Yeah, I discovered that. But actually my patch does this right -- because there is already a define-presentation-type menu-item in mcclim, it just got clobbered by the class definition.
Interesting, that is not the behavior I'd expect, but then I also never thought allowing CLOS classes to be considered presentation types was a good idea (but the spec seems to disagree).
Is it possible to simply define a menu-item-to-command translator with a higher priority which would override the translator currently stealing the menu-item?
I think that this isn't necessary, and that my last patch is the Right Thing as well as actually working.
By virtue of simplicity, your patch wins. However, I wonder if defining such a translator means that we can rip out the toplevel magic about creating an input-context for menu items. Along those same lines, maybe we ought to just present them as commands, so they are directly applicable. It doesn't seem useful presenting anything as a menu item (unless you are writing an editor for menus), except perhaps as a way to control the highlighting style, and in that case it wouldn't be the innermost presentation anyway.
Anyway, your patch sounds good to me.
"Andy Hefner" ahefner@gmail.com writes:
Is it possible to simply define a menu-item-to-command translator with a higher priority which would override the translator currently stealing the menu-item?
I think that this isn't necessary, and that my last patch is the Right Thing as well as actually working.
By virtue of simplicity, your patch wins.
Okay, I've committed it.
However, I wonder if defining such a translator means that we can rip out the toplevel magic about creating an input-context for menu items. Along those same lines, maybe we ought to just present them as commands, so they are directly applicable. It doesn't seem useful presenting anything as a menu item (unless you are writing an editor for menus), except perhaps as a way to control the highlighting style, and in that case it wouldn't be the innermost presentation anyway.
I think that menu-items by default should probably not translate to commands. Why? Because I think that it's legitimate for an application to do (accept 'command) when not planning to run it immediately (maybe to batch it up, to send to a remote process, or something); under those circumstances, I would expect selecting something from the application's menu bar not to fulfil this accept but instead to run its own command directly.

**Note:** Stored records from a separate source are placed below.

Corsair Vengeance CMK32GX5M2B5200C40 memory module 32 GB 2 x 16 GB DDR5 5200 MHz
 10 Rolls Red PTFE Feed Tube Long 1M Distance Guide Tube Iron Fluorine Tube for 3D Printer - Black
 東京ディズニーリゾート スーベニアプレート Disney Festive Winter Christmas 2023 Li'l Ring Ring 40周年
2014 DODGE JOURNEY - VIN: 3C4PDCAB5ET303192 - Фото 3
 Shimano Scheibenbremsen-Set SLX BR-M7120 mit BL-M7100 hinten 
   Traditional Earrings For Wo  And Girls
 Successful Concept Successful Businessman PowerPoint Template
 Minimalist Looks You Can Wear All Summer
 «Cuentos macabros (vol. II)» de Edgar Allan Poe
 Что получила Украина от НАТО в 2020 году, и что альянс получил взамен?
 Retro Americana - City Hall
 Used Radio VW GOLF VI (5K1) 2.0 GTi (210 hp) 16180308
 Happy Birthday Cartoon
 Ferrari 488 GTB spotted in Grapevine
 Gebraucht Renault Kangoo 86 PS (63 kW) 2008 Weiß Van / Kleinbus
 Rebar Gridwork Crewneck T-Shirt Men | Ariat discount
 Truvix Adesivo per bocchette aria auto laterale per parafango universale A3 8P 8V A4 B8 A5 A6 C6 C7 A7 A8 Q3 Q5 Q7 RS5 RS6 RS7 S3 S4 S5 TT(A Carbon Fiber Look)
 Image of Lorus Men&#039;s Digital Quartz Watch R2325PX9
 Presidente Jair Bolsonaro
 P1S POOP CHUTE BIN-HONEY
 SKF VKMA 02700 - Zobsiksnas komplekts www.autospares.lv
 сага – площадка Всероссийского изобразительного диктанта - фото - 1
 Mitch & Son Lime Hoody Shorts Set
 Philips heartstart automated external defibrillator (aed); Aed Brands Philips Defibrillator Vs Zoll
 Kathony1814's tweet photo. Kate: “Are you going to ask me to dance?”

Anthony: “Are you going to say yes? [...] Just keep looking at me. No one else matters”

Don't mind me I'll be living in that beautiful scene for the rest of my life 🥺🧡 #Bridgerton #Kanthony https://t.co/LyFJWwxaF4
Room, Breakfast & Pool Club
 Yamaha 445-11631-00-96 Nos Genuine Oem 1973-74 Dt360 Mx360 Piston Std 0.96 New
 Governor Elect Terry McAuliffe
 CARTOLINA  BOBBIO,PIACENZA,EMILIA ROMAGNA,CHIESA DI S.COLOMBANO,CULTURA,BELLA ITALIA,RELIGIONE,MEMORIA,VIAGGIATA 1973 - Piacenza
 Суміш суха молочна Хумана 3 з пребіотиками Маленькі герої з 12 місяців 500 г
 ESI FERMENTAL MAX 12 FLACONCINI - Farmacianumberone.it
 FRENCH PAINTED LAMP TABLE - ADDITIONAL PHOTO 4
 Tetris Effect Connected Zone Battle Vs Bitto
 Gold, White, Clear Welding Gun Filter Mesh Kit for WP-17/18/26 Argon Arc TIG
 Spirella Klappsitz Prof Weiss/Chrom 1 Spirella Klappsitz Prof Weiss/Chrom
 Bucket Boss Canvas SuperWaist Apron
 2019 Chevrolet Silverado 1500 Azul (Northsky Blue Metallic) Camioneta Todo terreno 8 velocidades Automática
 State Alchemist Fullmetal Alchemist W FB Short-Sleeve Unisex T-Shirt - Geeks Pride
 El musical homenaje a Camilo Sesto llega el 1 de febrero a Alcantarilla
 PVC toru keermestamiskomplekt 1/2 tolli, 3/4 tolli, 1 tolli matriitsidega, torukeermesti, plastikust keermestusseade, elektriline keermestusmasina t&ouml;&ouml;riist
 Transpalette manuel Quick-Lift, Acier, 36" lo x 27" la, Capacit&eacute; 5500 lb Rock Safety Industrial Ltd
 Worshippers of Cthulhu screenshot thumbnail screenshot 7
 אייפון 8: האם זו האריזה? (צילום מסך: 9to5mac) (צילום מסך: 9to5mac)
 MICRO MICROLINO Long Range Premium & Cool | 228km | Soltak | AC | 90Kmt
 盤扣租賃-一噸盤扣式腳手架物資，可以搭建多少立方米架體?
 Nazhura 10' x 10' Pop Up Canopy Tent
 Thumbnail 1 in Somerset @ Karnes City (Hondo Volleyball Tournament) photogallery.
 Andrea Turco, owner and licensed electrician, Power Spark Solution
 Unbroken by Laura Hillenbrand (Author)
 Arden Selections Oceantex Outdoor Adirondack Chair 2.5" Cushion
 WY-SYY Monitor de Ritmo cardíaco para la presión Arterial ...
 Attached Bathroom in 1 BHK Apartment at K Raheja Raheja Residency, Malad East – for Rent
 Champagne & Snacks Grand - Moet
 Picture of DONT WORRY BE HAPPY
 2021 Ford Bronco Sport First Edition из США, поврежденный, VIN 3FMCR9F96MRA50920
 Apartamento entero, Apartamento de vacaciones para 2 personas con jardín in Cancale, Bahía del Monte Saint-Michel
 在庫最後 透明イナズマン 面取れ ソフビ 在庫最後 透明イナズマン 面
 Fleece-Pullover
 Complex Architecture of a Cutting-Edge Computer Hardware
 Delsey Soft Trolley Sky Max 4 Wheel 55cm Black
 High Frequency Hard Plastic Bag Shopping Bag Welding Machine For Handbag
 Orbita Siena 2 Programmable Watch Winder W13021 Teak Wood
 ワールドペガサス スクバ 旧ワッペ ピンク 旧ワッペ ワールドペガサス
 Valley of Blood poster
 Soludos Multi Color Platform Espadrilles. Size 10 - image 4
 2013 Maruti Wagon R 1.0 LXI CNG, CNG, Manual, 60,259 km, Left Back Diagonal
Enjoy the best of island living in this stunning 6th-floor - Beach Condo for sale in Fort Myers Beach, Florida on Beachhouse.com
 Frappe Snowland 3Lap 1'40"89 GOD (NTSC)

It might make sense for individual applications to specify that they would prefer their menu items to be presented as commands; I don't know whether the CLIM spec documents any way of achieving that.
Cheers,
Christophe
To: "Andy Hefner" ahefner@gmail.com Date: Thu, 04 Jan 2007 09:19:04 +0000 From: Christophe Rhodes
I think that menu-items by default should probably not translate to commands. Why? Because I think that it's legitimate for an application to do (accept 'command) when not planning to run it immediately (maybe to batch it up, to send to a remote process, or something); under those circumstances, I would expect selecting something from the application's menu bar not to fulfil this accept but instead to run its own command directly.
I disagree. A menu is nothing more than a way of grouping and presenting a bunch of commands, no different than an button box. In your example, if the command I wanted to accept was "Save", picking it off the "File" menu seems like the way to do it.